Enormes technisches Können

Emden. Ein ungewöhnliches Ereignis vollzog sich am Spätnachmittag des Sonntags in der Schweizer Kirche. Pianistin Olga Chelova spielte die 24 Etüden mit den Opus-Zahlen 10 und 25. Ein wagemutiges Unternehmen, gehören doch diese Etüden zum Artistischsten, was die Musikliteratur zu bieten hat. Kaum je hört man alle von ihnen als Gesamtwerk in großen Häusern. Und nun erklangen sie in der beschaulichen Schweizer Kirche, wo sich kaum 30 Zuhörer im Raum verloren.

Etüden sind dem Worte nach Übungsstücke. Doch Chopin löste sich von dieser Vorstellung und machte seine Etüden zu Virtuosenstücken, derart, dass man sich fragt, wie es möglich ist, diese hanebüchenen geforderten Griffe überhaupt zu spielen, zumal in diesem hohen Tempo.

Olga Chelova erwies sich hier als meisterlich im technischen Können. Sie spielte mit einer solch hohen Souveränität und Sicherheit, dass man aus dem Staunen gar nicht herauskam. Etüde für Etüde wurde unter ihren Händen zu einem großen Gesamtwerk aus 24 Teilen, gespickt mit Höchstschwierigkeiten.

Olga Chelowa am Kawai-Flügel in der Schweizer Kirche.

Nehmen wir nur einmal die Etüde Nr. 1 in C-Dur, die für die Anatomie der rechten Hand geradezu eine Gefahr bedeutet, weil die raumgreifenden Akkordbrechungen ein beständiges Ausbreiten und Zusammenziehen der Hand erfordern. Abenteuerlich anzusehen – gerade auch wegen des Tempos. Der Komponist György Ligeti hat einmal in einem Gespräch angemerkt, dass es wohl niemanden gäbe, der jemals die erste Etüde von Chopin fehlerfrei gehört habe. Wenn nicht alles täuscht, hatte das Publikum am Sonntag genau dieses Vergnügen. Es war einfach unglaublich. Denn die nächste, die zweite Etüde, setzt den Schwierigkeitsgrad der ersten noch weiter fort. Die Etüde a-Moll ist geradezu gefürchtet, wie an folgender Anekdote dargelegt werden soll.

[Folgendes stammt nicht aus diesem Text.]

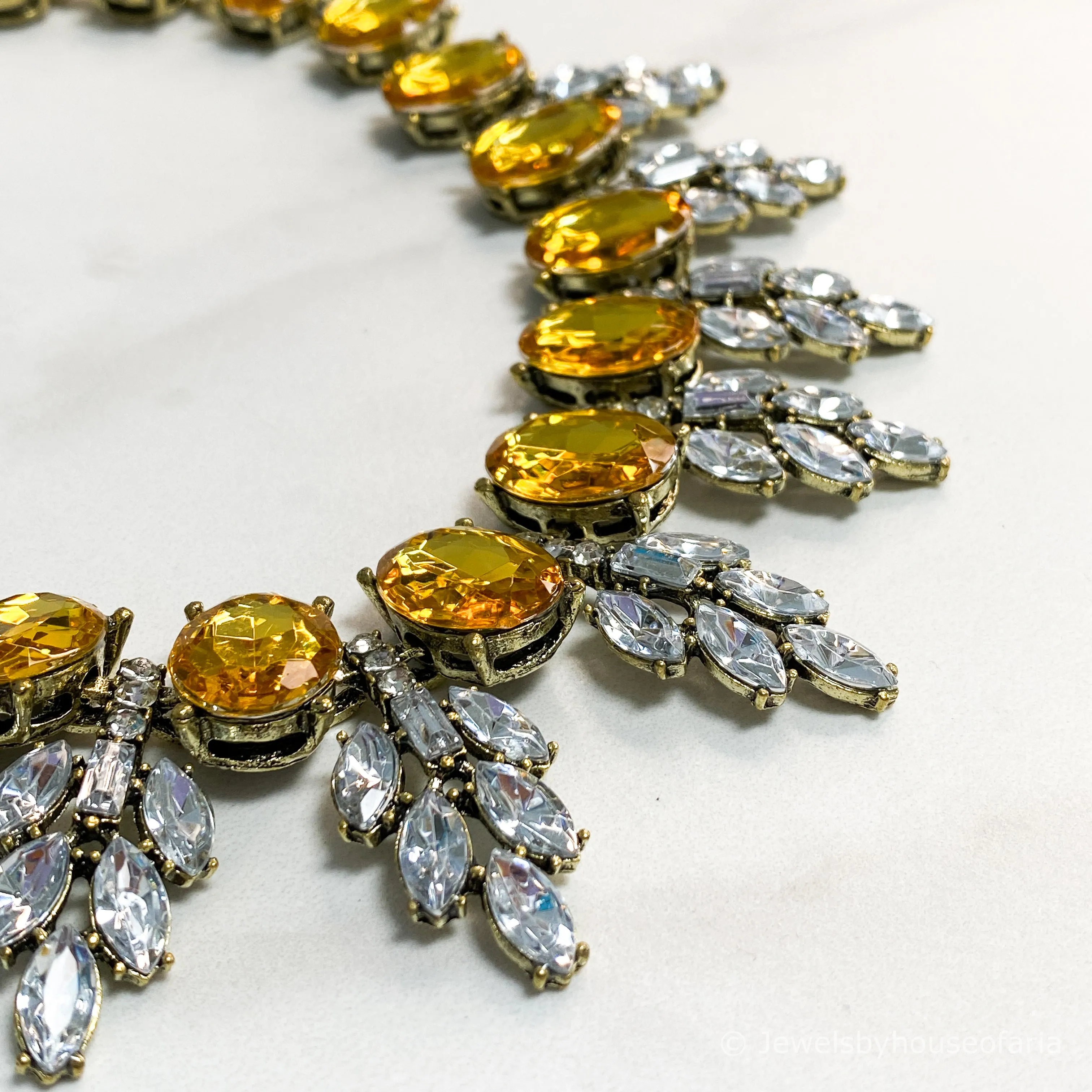 KAYLEE Amber Yellow Statement Necklace Set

Der russische Pianist Swjatoslaw Richter (1915 bis 1997), von dem versichert wird, er habe über eine „Ehrfurcht gebietende Spieltechnik“ verfügt, soll beim Aufführen aller zwölf Etüden gezögert haben, diese zweite zu spielen und ließ sie deswegen manchmal einfach aus.

Nicht so Frau Chelova, die sich mit einer Art Todesmut in die kleinen, aber extrem anspruchsvollen Kompositionen stürzte. Nichts konnte sie abhalten, sie spielte wie in Trance. Dabei dominierte der gewaltige Grundton der Etüden in der unablässigen, etwa 1¼-stündigen Spieldauer. Eine Leistung, die ihresgleichen sucht.